Web page caption snippets
↓
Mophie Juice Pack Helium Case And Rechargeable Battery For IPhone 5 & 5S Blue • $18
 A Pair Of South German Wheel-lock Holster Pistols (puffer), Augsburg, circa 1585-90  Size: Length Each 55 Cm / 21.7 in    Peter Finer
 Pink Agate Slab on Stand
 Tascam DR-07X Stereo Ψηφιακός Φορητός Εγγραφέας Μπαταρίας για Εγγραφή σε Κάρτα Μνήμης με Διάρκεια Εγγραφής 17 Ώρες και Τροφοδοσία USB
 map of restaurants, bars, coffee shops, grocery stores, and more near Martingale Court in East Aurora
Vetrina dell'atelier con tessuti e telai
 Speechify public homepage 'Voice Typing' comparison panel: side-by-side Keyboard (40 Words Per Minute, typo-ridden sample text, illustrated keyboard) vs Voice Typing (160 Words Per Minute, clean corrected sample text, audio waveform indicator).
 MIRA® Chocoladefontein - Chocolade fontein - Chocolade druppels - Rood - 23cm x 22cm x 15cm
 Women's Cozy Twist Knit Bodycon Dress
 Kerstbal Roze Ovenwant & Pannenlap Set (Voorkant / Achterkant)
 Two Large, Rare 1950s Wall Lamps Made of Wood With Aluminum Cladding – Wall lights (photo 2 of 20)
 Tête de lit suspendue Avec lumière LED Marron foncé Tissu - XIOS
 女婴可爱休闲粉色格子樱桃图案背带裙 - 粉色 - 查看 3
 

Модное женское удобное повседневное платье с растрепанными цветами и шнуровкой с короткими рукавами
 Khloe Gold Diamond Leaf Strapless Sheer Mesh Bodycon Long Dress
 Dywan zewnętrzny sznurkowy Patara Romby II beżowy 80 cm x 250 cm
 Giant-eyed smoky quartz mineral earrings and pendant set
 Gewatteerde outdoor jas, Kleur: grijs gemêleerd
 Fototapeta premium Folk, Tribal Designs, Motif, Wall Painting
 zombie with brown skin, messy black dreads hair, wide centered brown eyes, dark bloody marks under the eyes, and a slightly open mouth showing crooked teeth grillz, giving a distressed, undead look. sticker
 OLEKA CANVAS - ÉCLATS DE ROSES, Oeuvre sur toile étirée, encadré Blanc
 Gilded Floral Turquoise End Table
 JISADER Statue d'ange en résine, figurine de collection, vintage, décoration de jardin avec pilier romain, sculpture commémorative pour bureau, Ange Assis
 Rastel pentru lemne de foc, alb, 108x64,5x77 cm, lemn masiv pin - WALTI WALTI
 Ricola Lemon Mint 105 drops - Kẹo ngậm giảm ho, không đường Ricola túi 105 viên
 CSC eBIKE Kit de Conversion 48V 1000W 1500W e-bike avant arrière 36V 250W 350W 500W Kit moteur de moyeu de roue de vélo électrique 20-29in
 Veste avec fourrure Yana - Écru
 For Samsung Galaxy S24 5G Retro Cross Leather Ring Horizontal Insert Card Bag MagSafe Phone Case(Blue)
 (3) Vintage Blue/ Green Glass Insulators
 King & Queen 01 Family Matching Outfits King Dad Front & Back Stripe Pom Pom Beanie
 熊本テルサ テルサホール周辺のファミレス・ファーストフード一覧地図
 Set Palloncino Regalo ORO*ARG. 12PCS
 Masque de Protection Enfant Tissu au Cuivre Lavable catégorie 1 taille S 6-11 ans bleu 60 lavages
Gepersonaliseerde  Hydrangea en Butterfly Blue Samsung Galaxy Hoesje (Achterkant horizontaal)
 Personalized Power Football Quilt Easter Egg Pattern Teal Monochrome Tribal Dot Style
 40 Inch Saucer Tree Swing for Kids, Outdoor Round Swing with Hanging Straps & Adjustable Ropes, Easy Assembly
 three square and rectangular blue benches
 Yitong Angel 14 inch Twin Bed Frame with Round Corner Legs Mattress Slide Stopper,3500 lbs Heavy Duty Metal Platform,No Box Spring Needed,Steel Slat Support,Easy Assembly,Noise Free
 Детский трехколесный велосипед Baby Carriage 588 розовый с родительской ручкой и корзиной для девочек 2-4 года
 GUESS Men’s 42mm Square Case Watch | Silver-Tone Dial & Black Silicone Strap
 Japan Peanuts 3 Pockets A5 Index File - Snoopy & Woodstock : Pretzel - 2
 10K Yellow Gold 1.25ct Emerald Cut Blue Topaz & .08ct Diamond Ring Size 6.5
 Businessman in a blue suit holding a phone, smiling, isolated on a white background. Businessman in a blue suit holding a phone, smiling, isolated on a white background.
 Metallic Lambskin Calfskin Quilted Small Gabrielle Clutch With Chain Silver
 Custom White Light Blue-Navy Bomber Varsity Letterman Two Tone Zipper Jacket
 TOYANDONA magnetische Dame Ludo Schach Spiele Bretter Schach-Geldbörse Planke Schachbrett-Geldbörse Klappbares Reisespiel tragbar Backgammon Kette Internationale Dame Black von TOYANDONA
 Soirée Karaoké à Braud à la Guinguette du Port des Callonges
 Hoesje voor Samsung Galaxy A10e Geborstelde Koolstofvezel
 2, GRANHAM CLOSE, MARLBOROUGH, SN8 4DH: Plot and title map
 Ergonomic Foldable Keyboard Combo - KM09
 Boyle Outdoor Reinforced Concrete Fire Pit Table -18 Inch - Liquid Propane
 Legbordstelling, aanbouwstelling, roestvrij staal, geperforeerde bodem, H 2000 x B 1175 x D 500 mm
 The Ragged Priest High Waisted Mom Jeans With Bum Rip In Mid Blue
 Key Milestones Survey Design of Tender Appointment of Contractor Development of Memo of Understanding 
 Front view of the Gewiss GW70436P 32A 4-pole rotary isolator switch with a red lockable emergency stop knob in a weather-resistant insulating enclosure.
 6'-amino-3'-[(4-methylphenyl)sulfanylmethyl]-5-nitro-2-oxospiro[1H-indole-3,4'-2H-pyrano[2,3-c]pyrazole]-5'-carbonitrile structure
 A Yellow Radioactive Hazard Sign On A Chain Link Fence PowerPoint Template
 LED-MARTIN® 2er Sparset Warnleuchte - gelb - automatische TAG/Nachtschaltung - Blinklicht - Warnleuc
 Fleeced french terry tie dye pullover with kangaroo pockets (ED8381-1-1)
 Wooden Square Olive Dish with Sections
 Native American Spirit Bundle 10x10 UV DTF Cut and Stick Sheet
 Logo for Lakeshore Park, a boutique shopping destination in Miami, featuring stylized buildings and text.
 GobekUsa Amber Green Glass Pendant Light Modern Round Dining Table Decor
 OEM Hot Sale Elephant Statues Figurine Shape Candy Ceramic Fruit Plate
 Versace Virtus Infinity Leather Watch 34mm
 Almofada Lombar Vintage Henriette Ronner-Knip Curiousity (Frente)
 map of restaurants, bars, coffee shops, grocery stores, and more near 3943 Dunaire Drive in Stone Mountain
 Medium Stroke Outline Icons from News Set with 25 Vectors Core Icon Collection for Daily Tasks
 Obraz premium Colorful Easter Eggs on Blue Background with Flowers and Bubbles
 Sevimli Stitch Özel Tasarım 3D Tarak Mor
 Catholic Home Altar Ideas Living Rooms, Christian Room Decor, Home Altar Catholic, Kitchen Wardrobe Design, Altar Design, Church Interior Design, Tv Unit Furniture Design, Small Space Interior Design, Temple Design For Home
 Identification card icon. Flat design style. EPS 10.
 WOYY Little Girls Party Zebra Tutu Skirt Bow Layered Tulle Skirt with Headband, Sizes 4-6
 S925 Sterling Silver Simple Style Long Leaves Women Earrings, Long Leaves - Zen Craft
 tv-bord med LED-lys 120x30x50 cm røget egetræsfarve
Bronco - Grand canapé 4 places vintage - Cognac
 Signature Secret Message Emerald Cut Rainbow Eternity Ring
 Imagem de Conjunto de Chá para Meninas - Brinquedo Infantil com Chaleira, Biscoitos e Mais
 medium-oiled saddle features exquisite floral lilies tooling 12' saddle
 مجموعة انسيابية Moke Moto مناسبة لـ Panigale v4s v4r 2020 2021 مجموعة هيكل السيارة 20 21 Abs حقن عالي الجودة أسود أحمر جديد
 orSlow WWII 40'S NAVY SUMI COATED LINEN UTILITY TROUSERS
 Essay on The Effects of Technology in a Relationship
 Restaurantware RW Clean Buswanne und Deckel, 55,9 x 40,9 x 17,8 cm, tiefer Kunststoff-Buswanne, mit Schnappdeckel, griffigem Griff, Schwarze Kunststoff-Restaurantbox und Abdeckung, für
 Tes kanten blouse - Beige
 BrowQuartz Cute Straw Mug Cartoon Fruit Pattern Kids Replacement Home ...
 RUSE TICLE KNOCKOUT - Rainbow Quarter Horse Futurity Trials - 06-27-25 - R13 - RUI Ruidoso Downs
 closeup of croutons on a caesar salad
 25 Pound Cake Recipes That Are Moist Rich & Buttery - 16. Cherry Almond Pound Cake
↑
- [TASK GOAL]:
Write out exactly the lines above from the line with "tv-bord med LED-lys" through the line with "orSlow WWII 40'S", both of them included, and leave out all other lines.

- [RESPONSE]:
 tv-bord med LED-lys 120x30x50 cm røget egetræsfarve
Bronco - Grand canapé 4 places vintage - Cognac
 Signature Secret Message Emerald Cut Rainbow Eternity Ring
 Imagem de Conjunto de Chá para Meninas - Brinquedo Infantil com Chaleira, Biscoitos e Mais
 medium-oiled saddle features exquisite floral lilies tooling 12' saddle
 مجموعة انسيابية Moke Moto مناسبة لـ Panigale v4s v4r 2020 2021 مجموعة هيكل السيارة 20 21 Abs حقن عالي الجودة أسود أحمر جديد
 orSlow WWII 40'S NAVY SUMI COATED LINEN UTILITY TROUSERS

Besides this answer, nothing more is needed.